Çözüm süreci öncesindeki Oslo müzakereleri sırasında, dönemin Başbakanlık Müsteşar Yardımcısı olarak kritik öneme sahip olan Fidan daha sonra MİT Müsteşarlığı görevine atandıkan sonra da Öcalan’la İmralı’da görüşmeleri sürdüren isim. Fidan bir buçuk yıldır devam eden bu süreçte birkaç kez İmralı’da Öcalan ile görüştü. Ondan daha fazla sayıda ziyareti ise MİT’ten daha alt seviyede isimler gerçekleştirdi.
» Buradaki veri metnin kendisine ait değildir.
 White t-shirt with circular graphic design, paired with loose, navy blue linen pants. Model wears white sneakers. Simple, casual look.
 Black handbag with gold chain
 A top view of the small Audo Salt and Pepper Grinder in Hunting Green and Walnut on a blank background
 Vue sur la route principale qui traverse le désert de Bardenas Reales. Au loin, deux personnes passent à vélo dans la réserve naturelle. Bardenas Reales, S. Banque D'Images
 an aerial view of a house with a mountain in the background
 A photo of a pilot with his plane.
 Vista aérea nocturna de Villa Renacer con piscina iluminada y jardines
Fidan’ın bu gidişini ‘istisnai’ yapan neden nedir diye soruşturduğumuzda karşımıza ‘Cumhurbaşkanlığı seçimi’ yanıtı çıktı. Geçen hafta cuma günü yapılan ziyaret Cumhurbaşkanlığı seçimlerinden sonra yapılan ilk ziyaret olması açısından kritikti.

SÜRECİN BAŞINDA KİM VAR

Hem Fidan’ın ziyareti hem de Atalay’ın dün yaptığı açıklamalar, Öcalan’ın ve sürecin Kürt tarafındaki diğer aktörlerin (Kandil, HDP, Avrupa kanadı) aklında oluşan,‘Erdoğan Köşk’e çıkınca çözüm süreci devam edecek mi?’, ‘Sürecin karar vericisi Erdoğan mı kalacak yoksa yeni başbakan mı olacak?’, ‘Bundan sonra atılmasını istediğimiz adımlarda son sözü kim söyleyecek’ gibi sorulara yanıt niteliği taşıdığı anlaşılıyor. Anlaşılan o ki Öcalan’a, “Erdoğan hem kampanyasında hem de seçildikten sonra yaptığı açıklamalarda olduğu gibi Cumhurbaşkanlığı makamında otururken de çözüm sürecinin temel takipçisi olacak” güvencesi verildi. Hatta belki de Erdoğan’ın Cumhurbaşkanlığı’nın süreci ‘daha da hızlandıracağı’ vaadi de buna eklenmiş olabilir.

Dışişleri Bakanı Ahmet Davutoğlu’nun son dakikada bir değişiklik olmazsa başbakan olması beklenirken, Fidan’ın da yerine gelebileceği kulislerde konuşuluyor. Fidan’ın İmralı ziyareti bu açıdan da önemli. Fidan’ın ziyaretiyle kişilerden bağımsız olarak çözüm sürecine sahip çıktıklarının kararlılığını Öcalan’a ilettiği değerlendirmesi yapılıyor.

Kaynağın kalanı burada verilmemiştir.